Germany – The new study “CO2 reduction potential of the chemical industry through CCU” looks into the GHG reductions that can be achieved in the global chemical and derived material industries if the entire demand for embedded carbon is met solely through CO2 rather than from fossil sources.

The use of fossil carbon is heavily reliant on the production of chemicals and derived materials today. Hydrocarbons are used in industrial processes to provide process energy and embedded carbon as a feedstock for a variety of substances, building blocks, intermediates, and derived materials such as polymers and detergents.

As a representative pathway for renewable carbon, methanol (CH3OH) is thought to cover the needs for hydrocarbons for chemicals and derived materials among the various chemical intermediates.

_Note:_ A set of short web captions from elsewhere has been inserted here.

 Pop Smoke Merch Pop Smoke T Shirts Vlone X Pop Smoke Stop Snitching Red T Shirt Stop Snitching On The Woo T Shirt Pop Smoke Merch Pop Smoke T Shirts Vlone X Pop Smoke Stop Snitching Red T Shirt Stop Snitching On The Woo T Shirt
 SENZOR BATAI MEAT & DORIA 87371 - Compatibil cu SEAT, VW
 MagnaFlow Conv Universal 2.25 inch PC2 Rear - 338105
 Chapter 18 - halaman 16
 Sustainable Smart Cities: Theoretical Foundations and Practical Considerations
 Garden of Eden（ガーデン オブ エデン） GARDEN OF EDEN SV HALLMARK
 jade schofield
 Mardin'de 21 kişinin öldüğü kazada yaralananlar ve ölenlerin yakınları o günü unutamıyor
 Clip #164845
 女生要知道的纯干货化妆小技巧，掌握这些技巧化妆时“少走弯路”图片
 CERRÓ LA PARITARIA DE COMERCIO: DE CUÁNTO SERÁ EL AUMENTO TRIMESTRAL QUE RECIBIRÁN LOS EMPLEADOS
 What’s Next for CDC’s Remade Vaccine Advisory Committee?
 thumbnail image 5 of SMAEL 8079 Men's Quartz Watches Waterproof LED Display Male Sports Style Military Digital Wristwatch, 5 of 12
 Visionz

Assigning methanol a central role in supplying the chemical industry of the future is a plausible scenario.

CO2 capture via a combination of direct air capture (DAC) and capture from various point sources, hydrogen supply, and the hydrogenation reaction for methanol synthesis are all part of the CCU-based production route being investigated. GHG emissions from CCU-based methanol synthesis are dependent on renewable energy production emissions. When using current energy supply based on photovoltaics, emissions from CCU-based methanol could be 67 to 77 percent lower than emissions from releasing embedded carbon from fossil fuels. With improvements in renewable energy production, the reduction could be as high as 96 to 100 percent.

Meeting demand

By 2050, the annual global demand for carbon embedded in chemicals and derived materials could have risen from 450 million tonnes of carbon (Mt C) to 1,000 Mt C. Meeting this demand with CCU-based methanol would necessitate a massive demand for renewable energy of 29.1 PWh/year. Massive efforts would be required to deploy enough renewable energy. If desert photovoltaics are used to generate hydrogen, 1.3 percent of the Sahara’s land area would be required to meet the demand.

Despite this, a fully decarbonized energy supply can save 3.7 Gt CO2/year. Even when compared to today’s global emissions of 55.6 Gt CO2 eq/year, these GHG emission reductions are significant. The findings show that CCU is a promising technology for reducing GHG emissions related to embedded carbon supply – assuming there is enough renewable energy available. Carbon from CCUs will be a critical component of a future built on renewable carbon, complementing carbon from recycling and biomass. Global PV and wind capacity must be rapidly expanded to allow CCU to contribute to a climate-friendly supply of feedstock for the chemical industry.